**Work to be completed**
Output every line below without omitting or altering anything.

**Collected material**
* * * * * * *

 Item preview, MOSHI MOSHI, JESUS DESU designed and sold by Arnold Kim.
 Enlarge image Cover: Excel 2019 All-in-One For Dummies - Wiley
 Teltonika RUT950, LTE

* * * * * * *

**Task answer**
 Item preview, MOSHI MOSHI, JESUS DESU designed and sold by Arnold Kim.
 Enlarge image Cover: Excel 2019 All-in-One For Dummies - Wiley
 Teltonika RUT950, LTE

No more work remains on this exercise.